# [Data section]
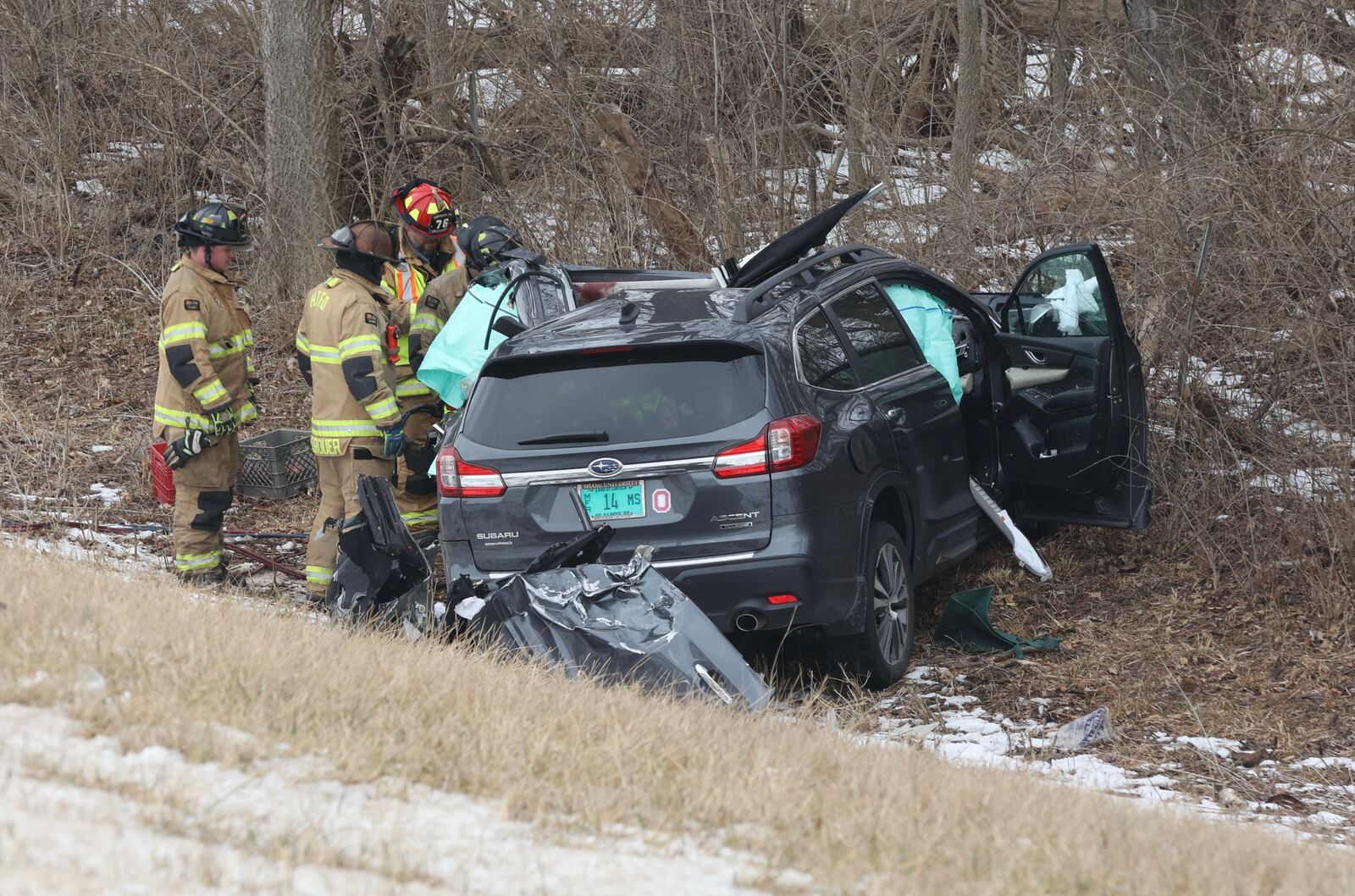 Harmony Twp. fire crews examine the wreckage after an SUV slammed into the back of a broken down flatbed semi trailer Thursday morning, Feb. 10, 2022, on Interstate 70 West in Harmony Twp., killing its driver. BILL LACKEY/STAFF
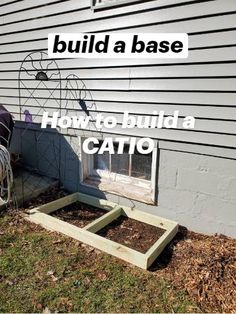 the back side of a house with an open window and planter box in it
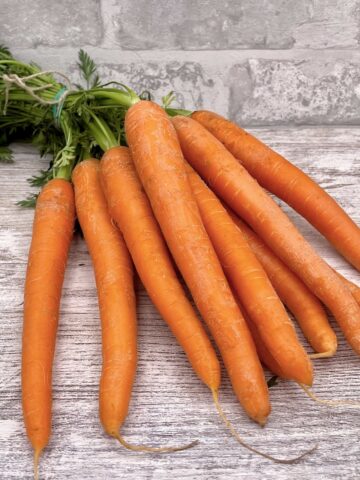 A bunch of homegrown carrots on a kitchen worktop.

# [Your task]
Without the pictures, print the whole listing exactly as given.

# [Finished task]
 Harmony Twp. fire crews examine the wreckage after an SUV slammed into the back of a broken down flatbed semi trailer Thursday morning, Feb. 10, 2022, on Interstate 70 West in Harmony Twp., killing its driver. BILL LACKEY/STAFF
 the back side of a house with an open window and planter box in it
 A bunch of homegrown carrots on a kitchen worktop.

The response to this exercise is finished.